Dzięki temu, że astronomowie znali nie tylko masę samego białego karła, ale także masę mgławicy planetarnej oraz wiek gromady otwartej udało się mniej więcej ustalić masę początkową gwiazdy, która zamieniła się w obserwowany obecnie obiekt.
Naukowcy zwracają uwagę, że w gromadach otwartych jak dotąd odkryto jedynie trzy mgławice planetarne. Są one niezwykle cenne, bowiem w takiej gromadzie wszystkie gwiazdy są w tym samym wieku, bowiem powstały z tego samego obłoku gazowo-pyłowego.
Szczegółowa analiza, która — warto tu zauważyć — jest pierwszą szczegółową analizą gwiazdy centralnej mgławicy planetarnej w gromadzie otwartej, pozwoliła ustalić, że pierwotnie badana gwiazda miała masę 2,8 razy większą od masy Słońca. To z kolei pozwoliło ustalić, że na etapie czerwonego olbrzyma, a następnie odrzucania zewnętrznych warstw gwiazda utraciła blisko 70 proc. swojej masy.

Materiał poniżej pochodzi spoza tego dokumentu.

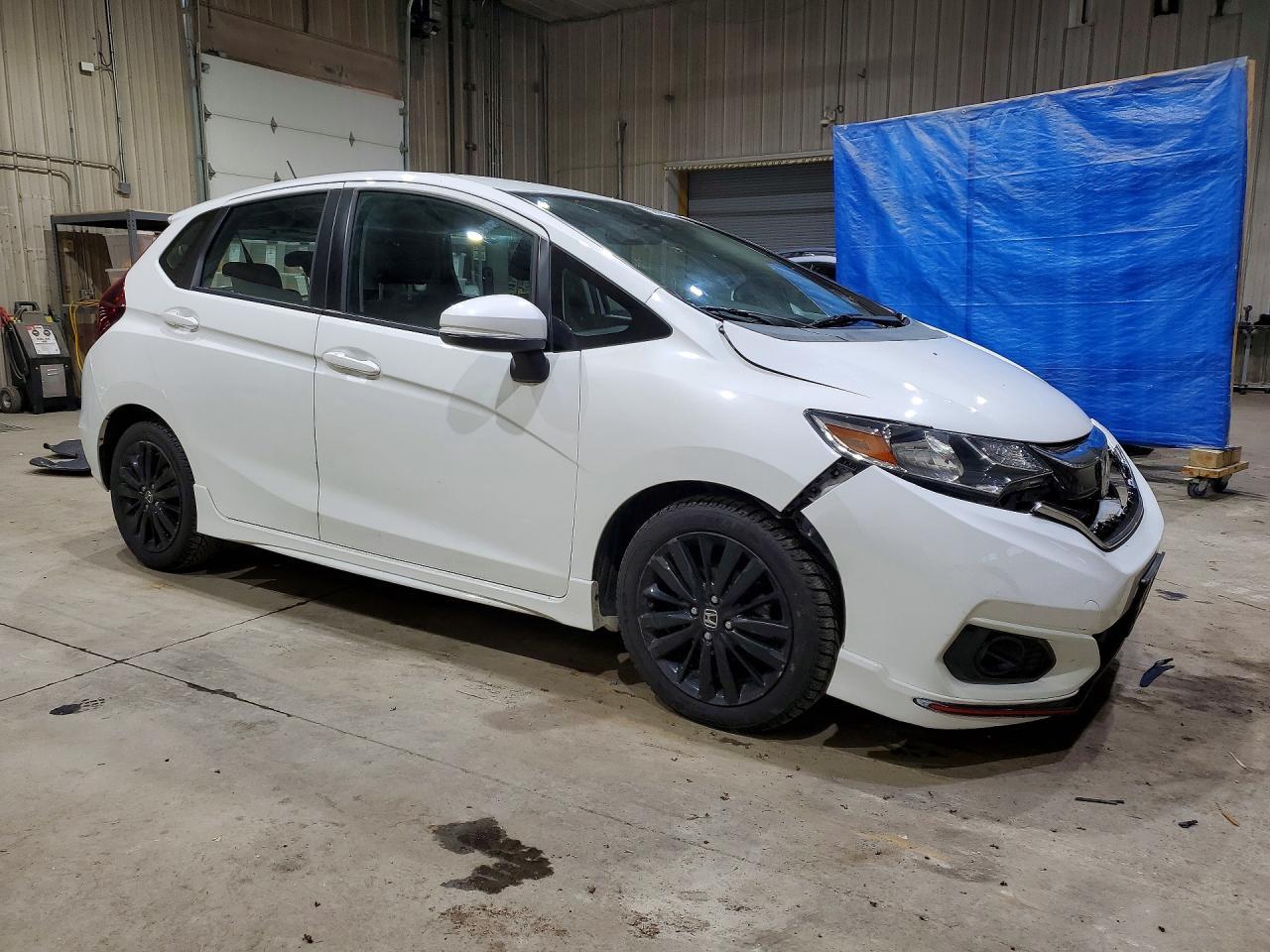 2018 Honda Fit Sport - Фото 4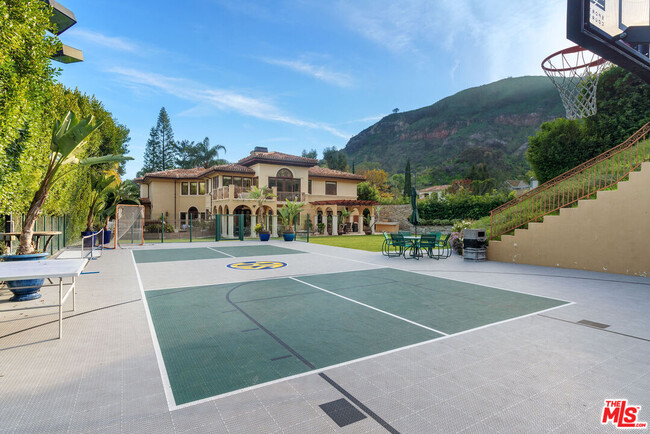 Building Photo - 17771 Cll De Palermo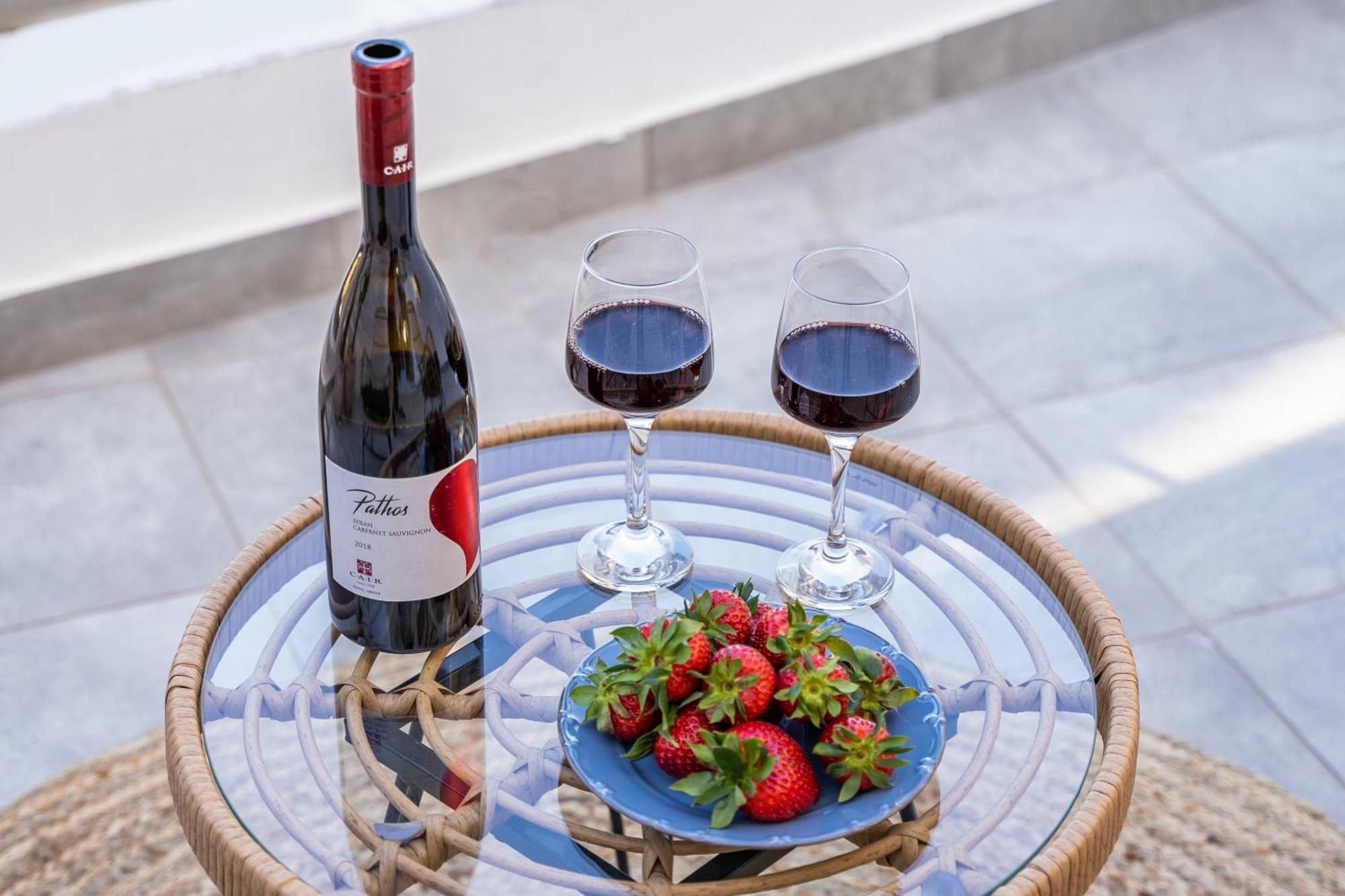 Yploui Suites Κάρπαθος Εξωτερικό φωτογραφία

Badacze zwracają uwagę, że biały karzeł jest niezwykle młody, bowiem na jego powierzchni widoczny jest jeszcze węgiel i hel. Wkrótce, po zakończeniu procesu ustalania się warstw, węgiel wniknie do wnętrza, a dla nas obiekt ten stanie się typowym helowym białym karłem. Wszystko wskazuje, że tak samo będzie wyglądać odległa przyszłość Słońca.